Cadet Spotlight by Jason Kazee
Keep moving forward. Words such as these can get you through daily challenges, lifelong struggles, or even just around the next corner. Though these words are not found in the United States Army Code of Conduct, soldiers and civilians alike can rely on them. Cadet Battalion Commander Brennan Parker depends on them to carry him through whatever may lie ahead.
Parker recently took part in a 12-cadet relay that carried the game ball from Joker Phillips’ hands in Commonwealth Stadium and delivered it to a team from the University of Louisville’s ROTC program. The team ran 46-miles to a town located mid-way between Lexington and Louisville, Kentucky. The cadets from the University of Louisville took over from mile 46 and delivered the football to Papa John’s Cardinal Stadium. Capped off by Brennan delivering the ball along with a University of Louisville ROTC cadet at midfield before the Cats and Cards rivalry game.
In Cadet Parker’s eyes, activities like this serve as great opportunities for “the cadets to integrate further with UK Athletics…and the student body.” Parker appreciates opportunities to “get rid of the mystery about the ROTC and the mystery about the military.” He believes increasing the public’s understanding and improving the balance between military and civilian lifestyles is an important asset for a future military officer.
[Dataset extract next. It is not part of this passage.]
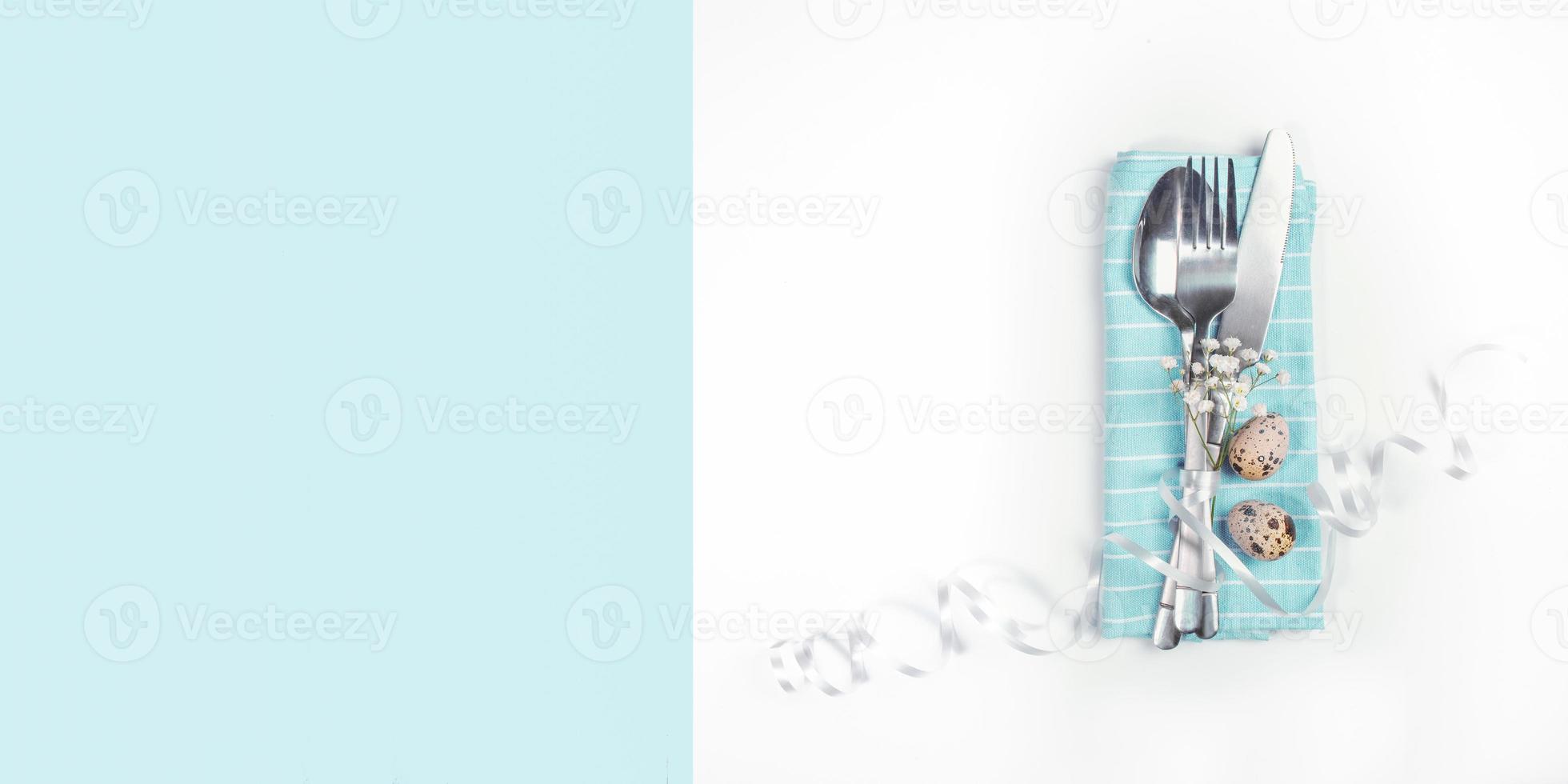 Flatware decorated with white flowers and ribbon and Easter quail eggs on napkin on white and light blue. Copy space. photo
Senior Cadet Parker serves as the Cadet Battalion Commander at Buell Armory on the University of Kentucky campus. With 110 cadets serving under him, Parker is learning to balance the demands of military leadership and civilian life as he helps cadets prepare for academic studies and entering the military after graduation. Performing exceptionally well means cadets can entertain their pick of posts at United States Army bases around the world. Parker is currently ranked within the top one percent of active Reserve Officers’ Training Core (ROTC) cadets and hopes to begin his career in Tactical Intelligence at Landstuhl Army Base in Landstuhl, Germany next summer.
When you speak with Parker you instantly discover he possesses a deep resolve and commitment to leadership. These personal traits are strengthened by the training and activities pursued by ROTC cadets at UK. During their time on campus, cadets can refine the skills necessary to excel in the military’s chain of command while learning the nuances of building and maintaining relationships. A primary focus of Parker's efforts is to actively bridge the gap between the lifestyles of the military and the public at large.
Another facet of Parker's professional development comes in the form of personal inspiration provided by events like the Army Ten Miler. In October, Parker and a crew of seven additional UK cadets travelled to Washington, D.C., to join 25,000 additional soldiers to participate in a ten-mile run. Beginning at the Pentagon, the route travels across the Potomac River, through the National Mall, and arrives back at the Pentagon. Parker not only enjoys the challenge of setting a personal best time, but also taking note of those around him.
>>UK Wins ROTC Ten-Miler
“It’s cool to see people run a 60-minute ten miler. But the more interesting thing about it is the wounded warriors that run. It’s something…a test when you can run ten miles nonstop. However, when you’ve got double amputees running beside you, it becomes a totally different ballgame. You realize how petty your pain is when you’re running beside somebody who doesn’t have a leg or an arm.”
Parker poses with the UK Cheerleaders before the UK/UofL game this season.
This motivational belief in personal sacrifice and leadership took shape at an early age for Parker. During high school he served as the team captain for his soccer team in Murray, Kentucky. He was the captain for three years. When asked if it was common for sophomores to become team captains at Calloway County High School, Parker reluctantly replies, “No, not at all.”
Such initiative led Parker to join the Army ROTC at UK. Once deployed, Parker will rely on the personal strength he comes by naturally. The qualities that defined his youth and a personal dedication to supporting his fellow cadets will soon find him leading Army tactical intelligence efforts aboard. As a result, our nation’s defense will be strengthened because of officers, soldiers, and cadets like Brennan Parker.